Harvey Mandell is one of the most truly innovative blues guitarists of the last forty years. I'm not sure why he isn't a bigger star. He's had some brushes with fame: playing with Canned Heat at Woodstock, Heat bassist Larry Taylor in John Mayall's underrated USA Union band, and a brief tryout with the Rolling Stones, which can be heard on a couple tracks on their Black and Blue LP (also underrated in my opinion). Still, he isn't the household name he should be. He was certainly the player I was most jazzed up to see, though. His leads and fills all evening were beautiful and right; showcased on "GM Boogie," he took things to another level. At its base, the riff comes from John Lee Hooker's "Boogie Chillun" through the later explorations of Canned Heat, ZZ Top, et alia; Mandell started of on it as a simple blues, but expanded on it in a way that was uniquely his own. In the post-Jimi Hendrix/Cream/Led Zeppelin era, a lot of players will take a blues riff and morph it into a kind of proto-heavy metal. Mandell pretty much avoided this trap and went instead in a direction that was deeply and personally psychedelic and imbued with a kind of grace. The closest comparison I can make would be with Jeff Beck; he doesn't sound like Beck, really, but his style is singular in the same way--there's this bedrock of traditional blues and early rock that informs each of their playing and then there's this other 20 or 30% that just seems to come from themselves alone.

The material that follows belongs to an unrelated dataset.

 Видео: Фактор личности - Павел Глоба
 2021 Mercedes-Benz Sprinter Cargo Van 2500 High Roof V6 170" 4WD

Mandell may have been the most dramatic instrumentalist on stage with the Chicago Blues Reunion, but he was not the only one to contribute impressively. Barry Goldberg's Hammond B3 organ and other keyboard solos were consistently tasty and built a kind of cumulative weight over the course of the band's seventy minute or so set. The rhythm section of Mallaber, bassist Rick Reed and second guitarist R. Zach Wagner held everything together throughout the evening. Closing out the performance was a lively version of the old blues standard "Drinking Wine." Gravenites sang lead on it like he did forty years ago in the Electric Flag with Nelson and Lay doubling on the great chorus of "Wine, Wine Wine!" This was a perfect note on which to close a blues show at a dry venue. After more than an hour of listening to the blues, I doubt that I was the only one to head out onto Sunset Boulevard and get a drink.